* [The task]:
The entries follow. Copy every line in which "pour" appears.

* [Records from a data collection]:
____________
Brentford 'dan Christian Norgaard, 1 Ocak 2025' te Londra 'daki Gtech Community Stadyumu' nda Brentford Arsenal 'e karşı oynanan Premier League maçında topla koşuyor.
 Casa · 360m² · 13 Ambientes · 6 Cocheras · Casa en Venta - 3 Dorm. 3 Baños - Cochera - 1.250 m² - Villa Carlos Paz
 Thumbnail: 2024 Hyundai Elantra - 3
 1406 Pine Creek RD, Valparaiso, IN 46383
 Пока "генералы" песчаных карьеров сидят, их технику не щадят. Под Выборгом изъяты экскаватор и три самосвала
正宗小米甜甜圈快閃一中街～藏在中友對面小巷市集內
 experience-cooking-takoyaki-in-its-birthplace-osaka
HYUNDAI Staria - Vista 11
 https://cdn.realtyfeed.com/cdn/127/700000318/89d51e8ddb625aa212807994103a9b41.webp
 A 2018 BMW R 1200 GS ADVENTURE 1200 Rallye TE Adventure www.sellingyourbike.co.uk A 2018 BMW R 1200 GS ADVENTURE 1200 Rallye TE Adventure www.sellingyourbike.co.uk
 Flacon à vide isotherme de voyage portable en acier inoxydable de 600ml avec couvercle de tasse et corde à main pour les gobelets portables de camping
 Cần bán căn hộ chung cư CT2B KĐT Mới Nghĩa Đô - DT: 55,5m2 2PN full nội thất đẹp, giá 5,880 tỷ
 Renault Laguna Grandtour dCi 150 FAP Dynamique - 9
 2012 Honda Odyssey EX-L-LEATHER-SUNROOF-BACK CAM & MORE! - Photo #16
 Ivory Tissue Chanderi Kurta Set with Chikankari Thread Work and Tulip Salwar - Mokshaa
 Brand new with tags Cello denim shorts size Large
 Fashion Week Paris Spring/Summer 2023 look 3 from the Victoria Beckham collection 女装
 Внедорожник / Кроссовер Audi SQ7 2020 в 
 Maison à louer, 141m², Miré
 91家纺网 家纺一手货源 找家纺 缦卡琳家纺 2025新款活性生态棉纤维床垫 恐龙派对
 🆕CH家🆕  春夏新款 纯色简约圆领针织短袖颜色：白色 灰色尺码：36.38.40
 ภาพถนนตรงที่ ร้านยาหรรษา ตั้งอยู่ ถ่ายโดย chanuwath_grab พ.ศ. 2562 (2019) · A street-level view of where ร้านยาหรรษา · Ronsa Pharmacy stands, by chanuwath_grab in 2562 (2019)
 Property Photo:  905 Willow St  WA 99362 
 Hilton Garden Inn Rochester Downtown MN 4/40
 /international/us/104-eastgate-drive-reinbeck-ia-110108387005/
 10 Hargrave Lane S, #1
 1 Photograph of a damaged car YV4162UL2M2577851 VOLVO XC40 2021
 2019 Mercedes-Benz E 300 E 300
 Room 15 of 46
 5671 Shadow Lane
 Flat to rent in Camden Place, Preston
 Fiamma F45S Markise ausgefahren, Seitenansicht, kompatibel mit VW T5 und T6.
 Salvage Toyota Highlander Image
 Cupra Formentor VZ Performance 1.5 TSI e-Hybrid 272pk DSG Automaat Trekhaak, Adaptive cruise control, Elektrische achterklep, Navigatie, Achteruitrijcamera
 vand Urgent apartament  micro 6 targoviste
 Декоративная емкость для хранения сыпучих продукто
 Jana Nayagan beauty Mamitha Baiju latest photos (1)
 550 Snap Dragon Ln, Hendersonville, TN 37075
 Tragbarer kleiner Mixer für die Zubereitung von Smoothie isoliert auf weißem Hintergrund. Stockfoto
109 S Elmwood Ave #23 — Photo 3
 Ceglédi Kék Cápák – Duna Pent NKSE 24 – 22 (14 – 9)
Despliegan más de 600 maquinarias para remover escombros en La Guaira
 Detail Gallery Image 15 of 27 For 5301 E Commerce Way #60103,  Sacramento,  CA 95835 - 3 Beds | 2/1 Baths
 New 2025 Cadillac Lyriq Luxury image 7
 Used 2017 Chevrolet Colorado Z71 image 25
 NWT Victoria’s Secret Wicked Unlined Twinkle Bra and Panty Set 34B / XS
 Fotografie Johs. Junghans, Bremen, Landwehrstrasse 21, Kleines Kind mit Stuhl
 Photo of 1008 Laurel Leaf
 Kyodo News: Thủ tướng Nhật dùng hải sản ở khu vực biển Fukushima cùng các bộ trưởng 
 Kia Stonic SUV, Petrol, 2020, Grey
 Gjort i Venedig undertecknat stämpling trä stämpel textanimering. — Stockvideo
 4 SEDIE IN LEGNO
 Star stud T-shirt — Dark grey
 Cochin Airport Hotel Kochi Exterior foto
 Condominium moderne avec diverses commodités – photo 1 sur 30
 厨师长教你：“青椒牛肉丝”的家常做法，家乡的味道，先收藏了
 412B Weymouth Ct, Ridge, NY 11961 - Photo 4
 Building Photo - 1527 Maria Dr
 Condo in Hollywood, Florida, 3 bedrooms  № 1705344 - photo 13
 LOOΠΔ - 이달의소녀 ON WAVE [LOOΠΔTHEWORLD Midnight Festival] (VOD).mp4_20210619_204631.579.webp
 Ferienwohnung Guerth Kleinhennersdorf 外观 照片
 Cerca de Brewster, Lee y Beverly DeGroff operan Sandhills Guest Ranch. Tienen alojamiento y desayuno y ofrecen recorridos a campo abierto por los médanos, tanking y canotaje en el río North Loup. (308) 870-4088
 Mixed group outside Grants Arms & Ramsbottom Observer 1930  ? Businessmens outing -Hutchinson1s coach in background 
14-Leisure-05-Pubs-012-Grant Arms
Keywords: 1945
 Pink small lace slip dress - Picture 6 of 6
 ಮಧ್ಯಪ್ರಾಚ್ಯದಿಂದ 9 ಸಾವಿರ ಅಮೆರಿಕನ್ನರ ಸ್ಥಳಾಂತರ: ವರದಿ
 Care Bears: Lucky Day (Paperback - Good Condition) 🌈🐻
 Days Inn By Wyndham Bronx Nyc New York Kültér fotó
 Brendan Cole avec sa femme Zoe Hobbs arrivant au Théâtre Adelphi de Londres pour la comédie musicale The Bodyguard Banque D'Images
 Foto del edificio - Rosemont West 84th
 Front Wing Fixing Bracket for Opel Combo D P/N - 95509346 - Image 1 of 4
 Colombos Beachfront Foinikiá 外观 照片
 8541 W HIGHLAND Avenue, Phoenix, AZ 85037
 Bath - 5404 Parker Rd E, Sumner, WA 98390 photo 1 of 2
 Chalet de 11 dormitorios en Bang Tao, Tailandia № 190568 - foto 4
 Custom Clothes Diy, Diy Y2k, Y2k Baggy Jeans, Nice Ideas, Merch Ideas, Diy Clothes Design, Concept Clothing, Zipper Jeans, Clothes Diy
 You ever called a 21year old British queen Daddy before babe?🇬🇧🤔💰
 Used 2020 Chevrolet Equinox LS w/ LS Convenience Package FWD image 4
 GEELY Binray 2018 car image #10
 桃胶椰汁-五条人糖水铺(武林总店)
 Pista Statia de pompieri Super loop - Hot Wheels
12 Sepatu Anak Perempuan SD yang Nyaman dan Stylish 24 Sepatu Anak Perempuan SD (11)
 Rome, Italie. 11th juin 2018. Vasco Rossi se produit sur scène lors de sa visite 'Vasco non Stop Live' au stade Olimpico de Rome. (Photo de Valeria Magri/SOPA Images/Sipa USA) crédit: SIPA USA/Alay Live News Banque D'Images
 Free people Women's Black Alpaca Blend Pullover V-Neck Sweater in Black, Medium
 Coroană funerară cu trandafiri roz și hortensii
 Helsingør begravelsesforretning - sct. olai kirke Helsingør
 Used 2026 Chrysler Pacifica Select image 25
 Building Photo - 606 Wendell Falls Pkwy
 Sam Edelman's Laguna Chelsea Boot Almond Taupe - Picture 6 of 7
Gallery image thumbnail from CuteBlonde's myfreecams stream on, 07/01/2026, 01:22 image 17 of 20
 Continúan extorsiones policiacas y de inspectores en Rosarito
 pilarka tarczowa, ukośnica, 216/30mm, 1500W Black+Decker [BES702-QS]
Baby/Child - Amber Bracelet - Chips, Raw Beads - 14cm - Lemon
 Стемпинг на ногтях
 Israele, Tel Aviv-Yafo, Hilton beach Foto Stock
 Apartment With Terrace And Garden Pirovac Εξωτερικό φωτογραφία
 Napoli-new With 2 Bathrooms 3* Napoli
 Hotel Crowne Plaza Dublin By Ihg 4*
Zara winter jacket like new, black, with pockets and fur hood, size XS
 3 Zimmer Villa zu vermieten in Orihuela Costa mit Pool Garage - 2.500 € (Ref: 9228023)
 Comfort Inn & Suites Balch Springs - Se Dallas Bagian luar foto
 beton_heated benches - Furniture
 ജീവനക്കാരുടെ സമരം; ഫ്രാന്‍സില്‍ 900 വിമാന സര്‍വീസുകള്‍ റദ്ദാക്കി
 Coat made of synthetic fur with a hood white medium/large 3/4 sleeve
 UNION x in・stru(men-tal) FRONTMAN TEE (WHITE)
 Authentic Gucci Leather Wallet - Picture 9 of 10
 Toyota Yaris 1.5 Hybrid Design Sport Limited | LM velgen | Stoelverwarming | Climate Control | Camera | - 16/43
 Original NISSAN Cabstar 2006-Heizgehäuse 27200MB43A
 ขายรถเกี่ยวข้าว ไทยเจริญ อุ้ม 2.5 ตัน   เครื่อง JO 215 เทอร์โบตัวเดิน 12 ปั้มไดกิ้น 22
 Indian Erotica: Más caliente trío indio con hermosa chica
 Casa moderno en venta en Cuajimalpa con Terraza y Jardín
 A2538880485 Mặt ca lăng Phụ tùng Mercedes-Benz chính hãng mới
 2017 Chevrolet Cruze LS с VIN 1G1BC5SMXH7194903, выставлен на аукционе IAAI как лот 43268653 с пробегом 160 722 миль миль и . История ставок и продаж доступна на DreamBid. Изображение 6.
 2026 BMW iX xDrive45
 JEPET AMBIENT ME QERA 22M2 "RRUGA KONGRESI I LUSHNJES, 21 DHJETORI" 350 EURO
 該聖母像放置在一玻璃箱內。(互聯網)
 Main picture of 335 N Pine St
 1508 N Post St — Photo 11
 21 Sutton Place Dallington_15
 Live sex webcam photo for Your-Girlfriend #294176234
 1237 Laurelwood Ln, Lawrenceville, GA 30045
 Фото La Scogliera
____________
* [Exercise response]:
 Flacon à vide isotherme de voyage portable en acier inoxydable de 600ml avec couvercle de tasse et corde à main pour les gobelets portables de camping
 Brendan Cole avec sa femme Zoe Hobbs arrivant au Théâtre Adelphi de Londres pour la comédie musicale The Bodyguard Banque D'Images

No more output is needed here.